Exercise instructions. In the data below, restate exactly the lines from the one with "this 640×480 image." to the final line, both included, but not the pictures.

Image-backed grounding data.

★ ★ ★ ★ ★

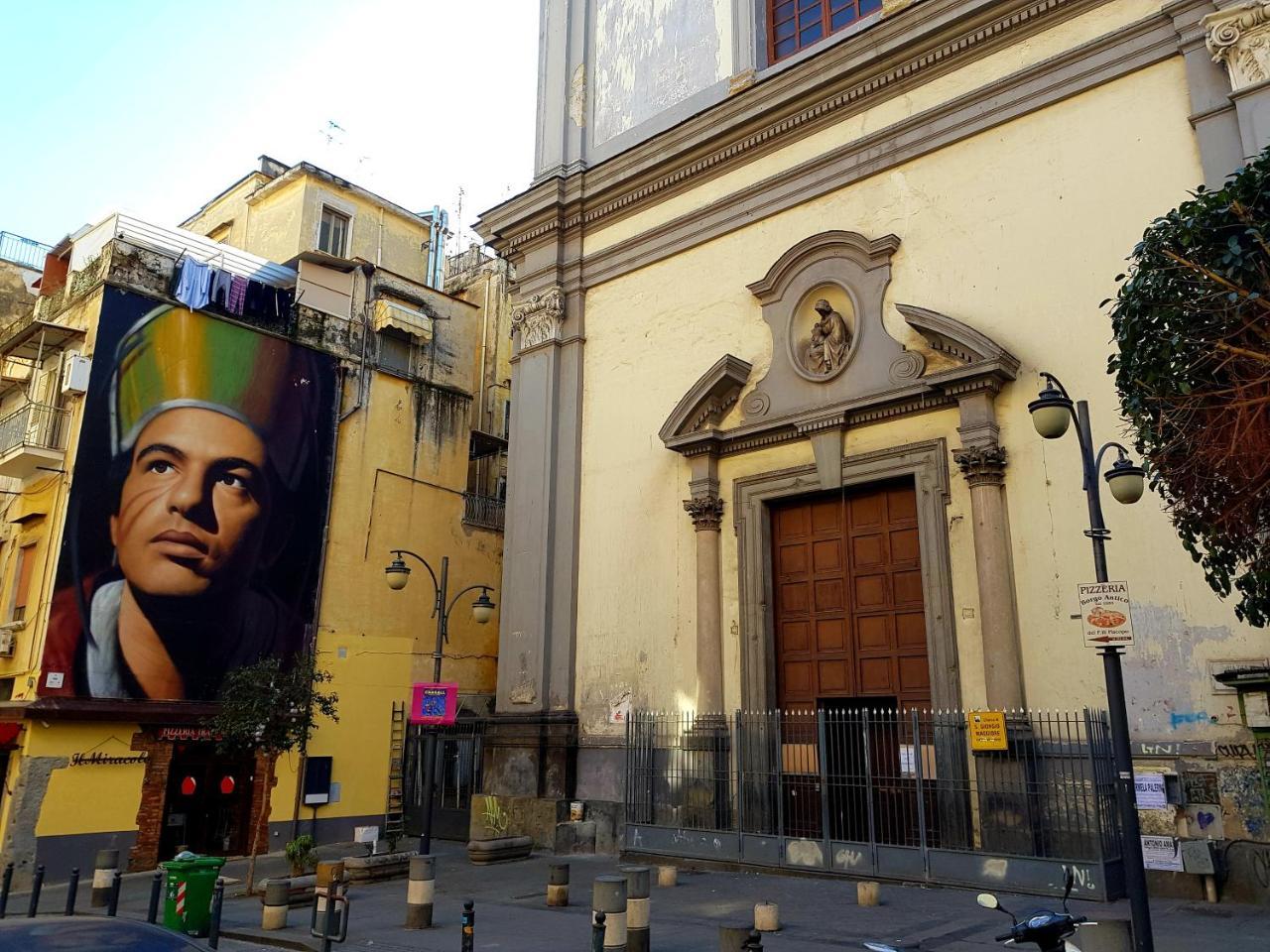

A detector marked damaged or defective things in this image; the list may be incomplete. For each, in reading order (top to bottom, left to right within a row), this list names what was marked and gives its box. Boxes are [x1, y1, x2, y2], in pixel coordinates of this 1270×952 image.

peeling plaster wall [588, 0, 731, 146]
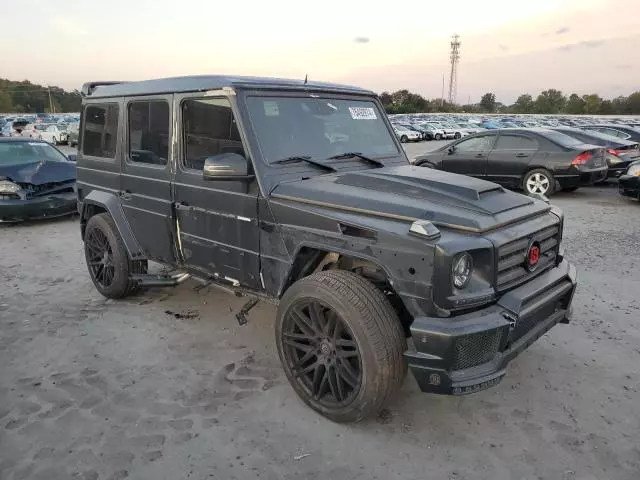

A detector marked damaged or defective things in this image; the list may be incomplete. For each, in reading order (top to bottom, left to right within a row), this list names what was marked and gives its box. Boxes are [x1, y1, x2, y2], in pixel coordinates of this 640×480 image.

damaged car [0, 137, 78, 223]
exposed wheel well [81, 203, 107, 239]
damaged car [77, 76, 576, 424]
exposed wheel well [282, 249, 412, 336]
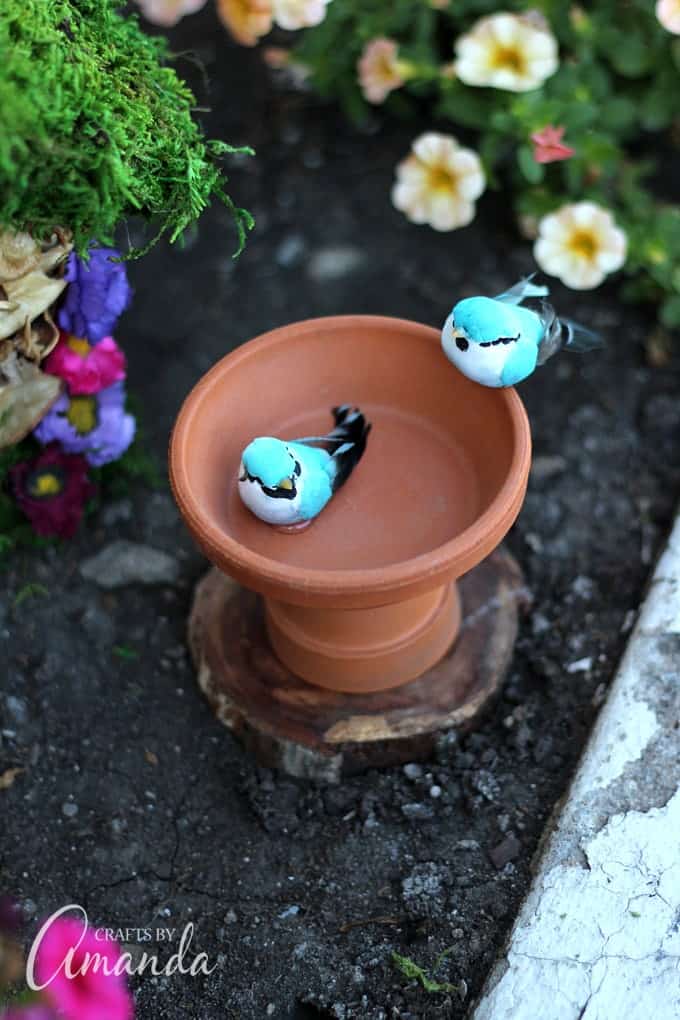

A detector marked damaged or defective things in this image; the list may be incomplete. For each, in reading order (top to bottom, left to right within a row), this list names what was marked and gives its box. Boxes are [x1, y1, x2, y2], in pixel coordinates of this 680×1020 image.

★ ★ ★ ★ ★

Written response.
A detector marked damaged or defective things in this image; the list may be incomplete. For each, in reading order (top to bottom, left to right within a row), this list names what was marked and gives its box. Boxes are [x1, y1, x2, y2], in pixel coordinates of this 640×480 image.

damaged car [0, 137, 78, 223]
exposed wheel well [81, 203, 107, 239]
damaged car [77, 76, 576, 424]
exposed wheel well [282, 249, 412, 336]

A detector marked damaged or defective things in this image; the list may be incomplete. For each, in reading order (top to bottom, left to right within a row), this list names what was marked and gives its box. Boxes are [x1, y1, x2, y2], in pixel coordinates of this 680×1020 image.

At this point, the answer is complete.